Drop all images. Then write out each line below exactly as given.

───── Extracted entries ─────

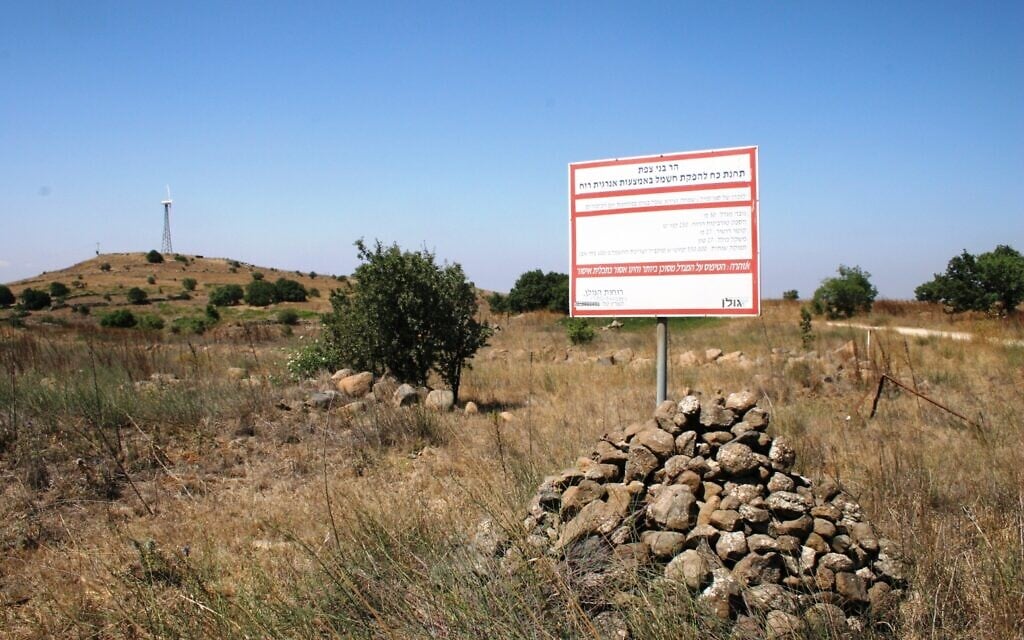 A sign explaining the energy contribution of the wind turbine dedicated to Simha Zeira in the Golan Heights, with the turbine memorial in the background. (Shmuel Bar-Am)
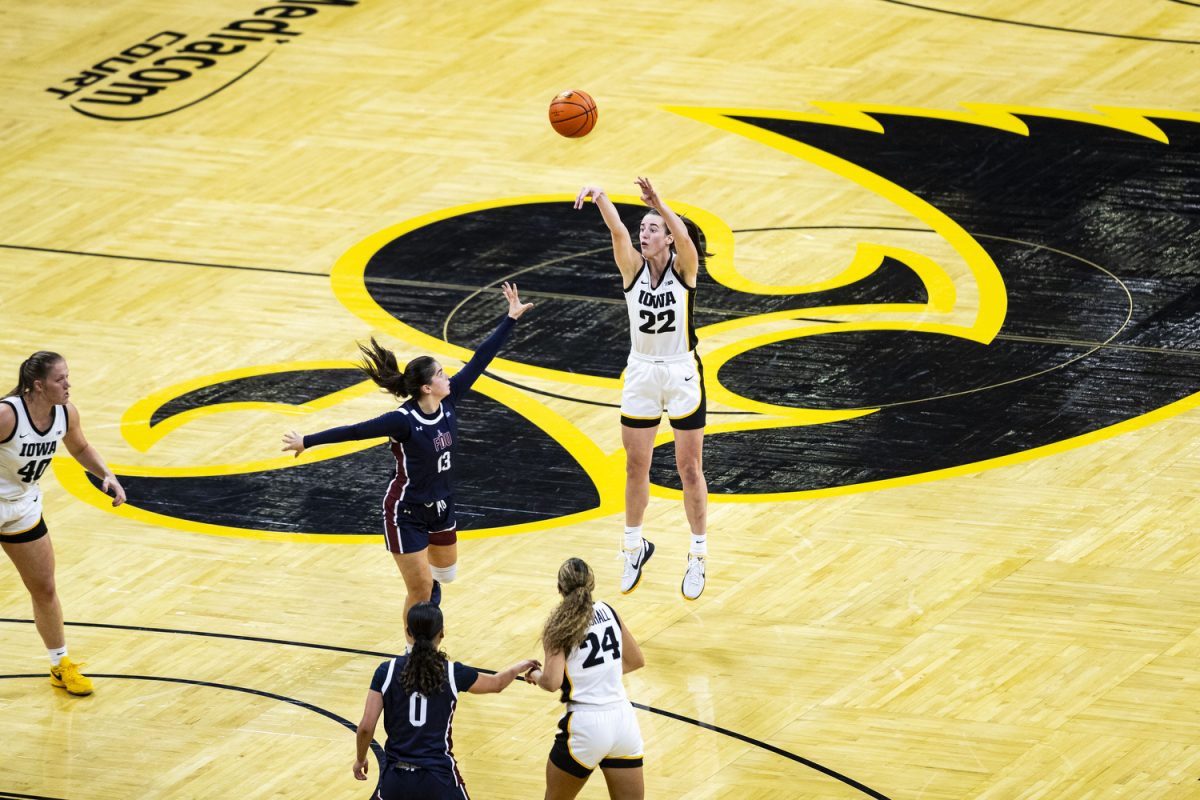 Iowa guard Caitlin Clark shoots a 3-pointer during a home opener basketball game between No. 3 Iowa and Fairleigh Dickinson at Carver-Hawkeye Arena on Monday, Nov. 6, 2023. Clark shot 4-of-9 in 3-pointers. The Hawkeyes, defeated the Knights, 102-46.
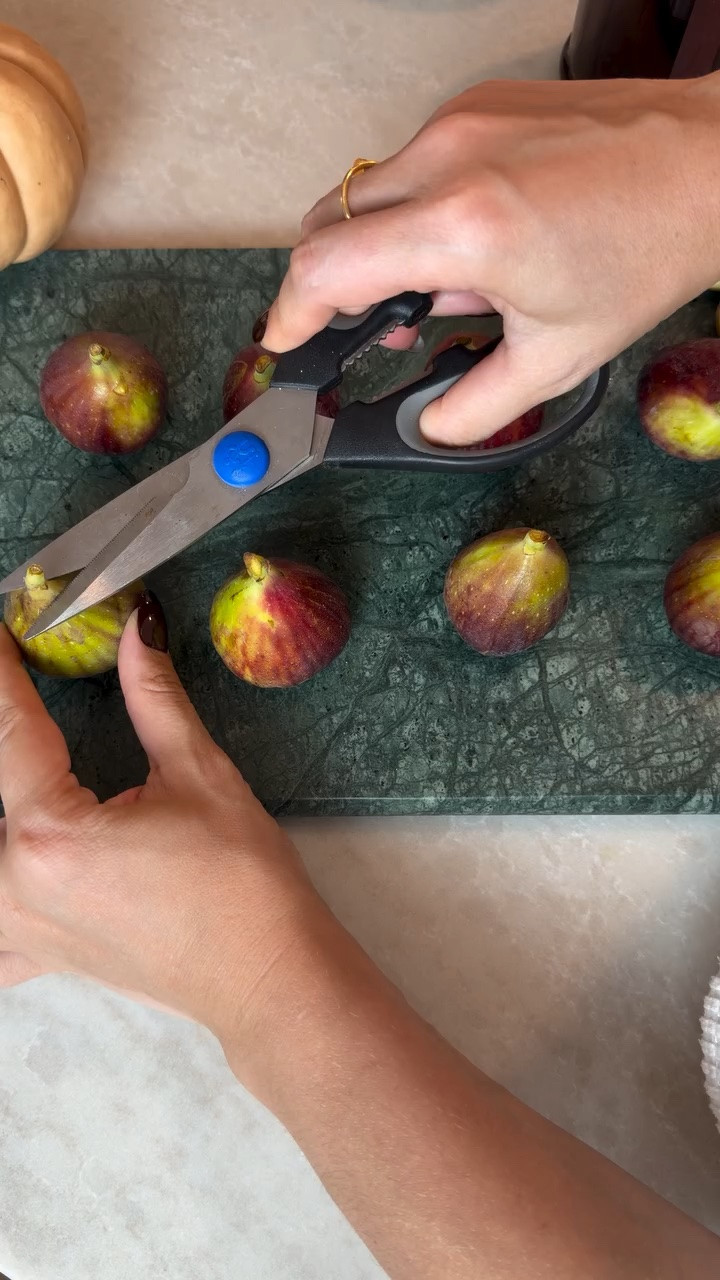 Save this fig, goat cheese, and honey recipe for the perfect fall appetizer when you’re hosting! 🍂

Cut off the fig stems, then slice each fig into four sections without cutting all the way through. Stuff with goat cheese and chopped walnuts, then drizzle with honey.

Bake at 375°F for about 10 minutes, until warm and softened. Serve with sliced baguette or crackers and enjoy!

You can also substitute Brie for the goat cheese. 🤎 

Marble board is from @allmodern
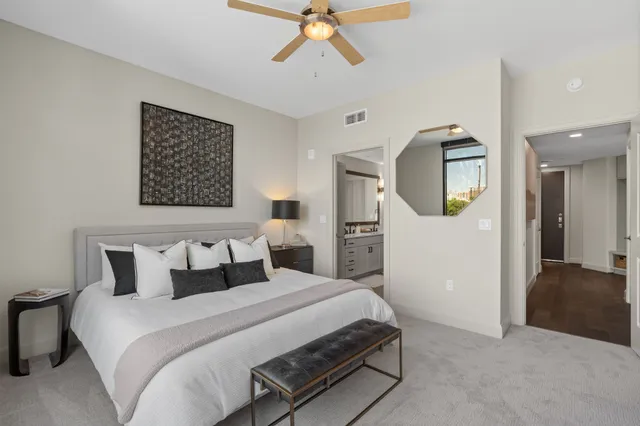 a bedroom with a bed and a chandelier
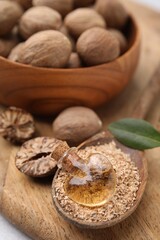 Nutmeg essential oil, whole and ground nuts on wooden board, closeup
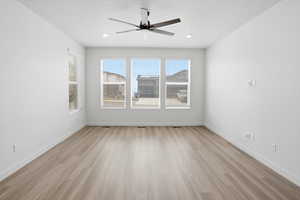 Unfurnished room with a ceiling fan and light wood-style flooring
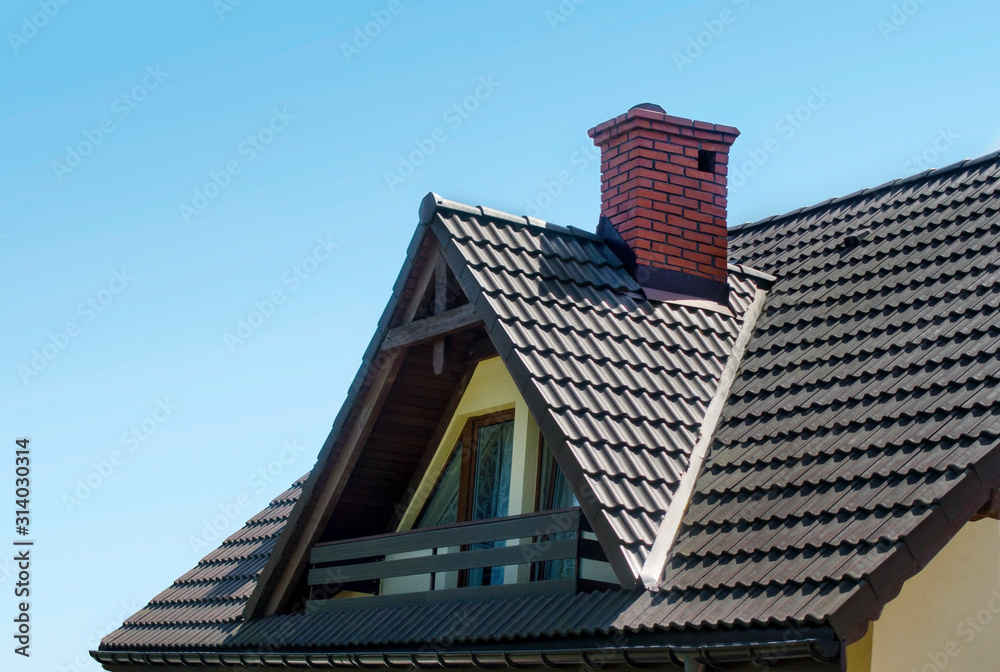 Roof with brown tiles, red chimney made by brick and attic with balcony against blue sky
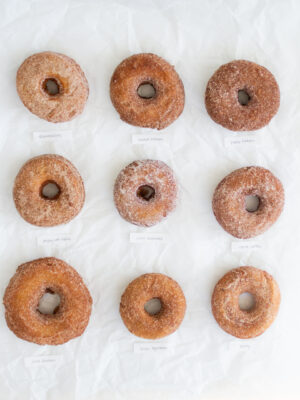 9 apple cider donuts on a white background.
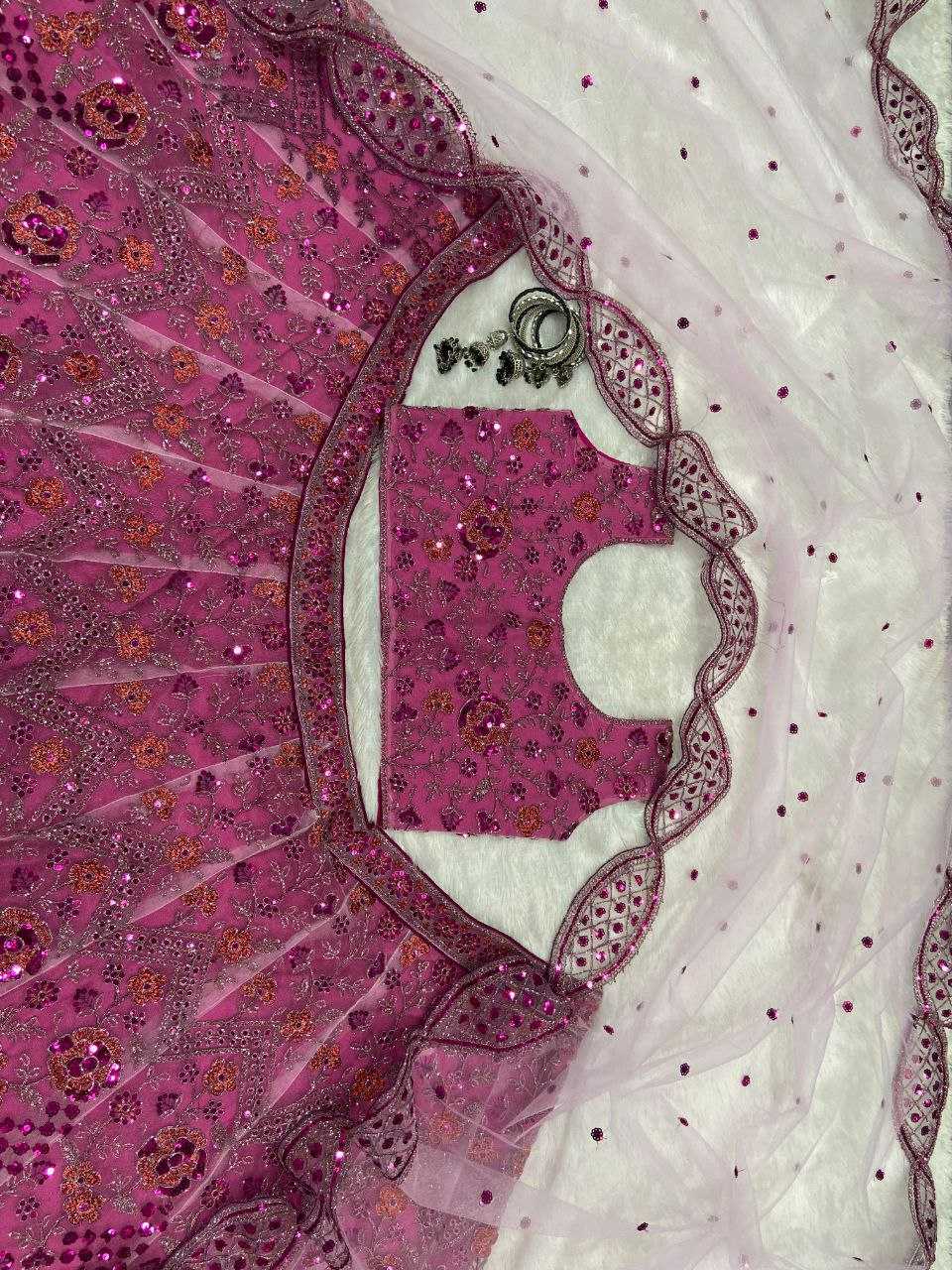 YNF BUTTERFLY NET RIN121 1002 LEHENGAS WHOLESALE EMBROIDERED DESIGNER NET FANCY SEQUNIS PINK LEHENGAS MANUFACTURER - Deevit International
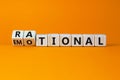 Rational or emotional symbol. Turned wooden cubes and changed the word `rational` to `emotional`. Beautiful orange background. Royalty Free Stock Photo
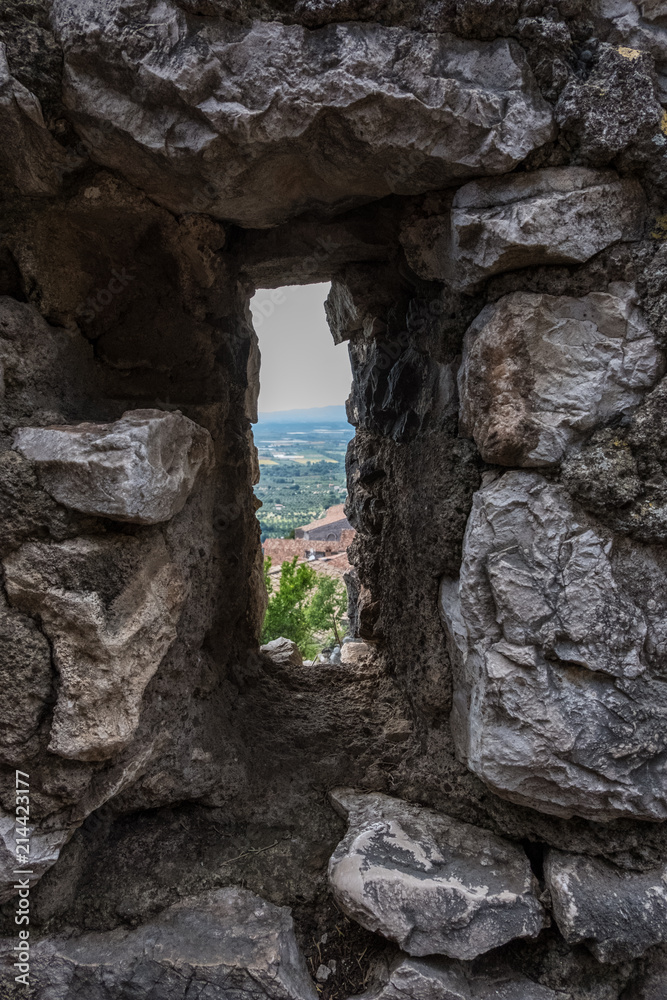 Vertical view of the landscape from an ancient medieval stone wall window. No people.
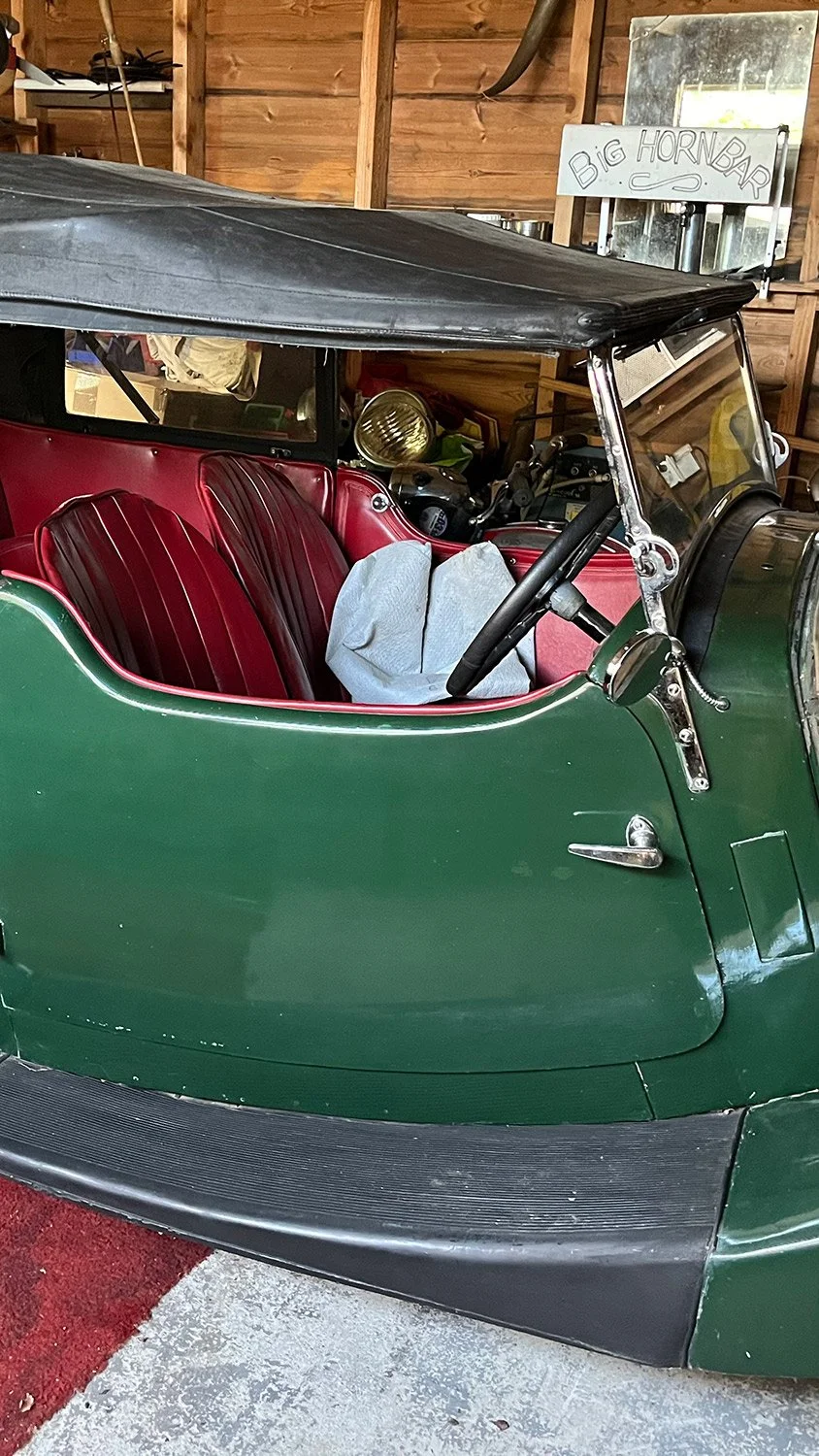 A vintage green car with red leather seats, parked inside a wooden garage with a sign that reads 'Big Horn Bar' in the background.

─────

■ Answer space
 A sign explaining the energy contribution of the wind turbine dedicated to Simha Zeira in the Golan Heights, with the turbine memorial in the background. (Shmuel Bar-Am)
 Iowa guard Caitlin Clark shoots a 3-pointer during a home opener basketball game between No. 3 Iowa and Fairleigh Dickinson at Carver-Hawkeye Arena on Monday, Nov. 6, 2023. Clark shot 4-of-9 in 3-pointers. The Hawkeyes, defeated the Knights, 102-46.
 Save this fig, goat cheese, and honey recipe for the perfect fall appetizer when you’re hosting! 🍂

Cut off the fig stems, then slice each fig into four sections without cutting all the way through. Stuff with goat cheese and chopped walnuts, then drizzle with honey.

Bake at 375°F for about 10 minutes, until warm and softened. Serve with sliced baguette or crackers and enjoy!

You can also substitute Brie for the goat cheese. 🤎 

Marble board is from @allmodern
 a bedroom with a bed and a chandelier
 Nutmeg essential oil, whole and ground nuts on wooden board, closeup
 Unfurnished room with a ceiling fan and light wood-style flooring
 Roof with brown tiles, red chimney made by brick and attic with balcony against blue sky
 9 apple cider donuts on a white background.
 YNF BUTTERFLY NET RIN121 1002 LEHENGAS WHOLESALE EMBROIDERED DESIGNER NET FANCY SEQUNIS PINK LEHENGAS MANUFACTURER - Deevit International
 Rational or emotional symbol. Turned wooden cubes and changed the word `rational` to `emotional`. Beautiful orange background. Royalty Free Stock Photo
 Vertical view of the landscape from an ancient medieval stone wall window. No people.
 A vintage green car with red leather seats, parked inside a wooden garage with a sign that reads 'Big Horn Bar' in the background.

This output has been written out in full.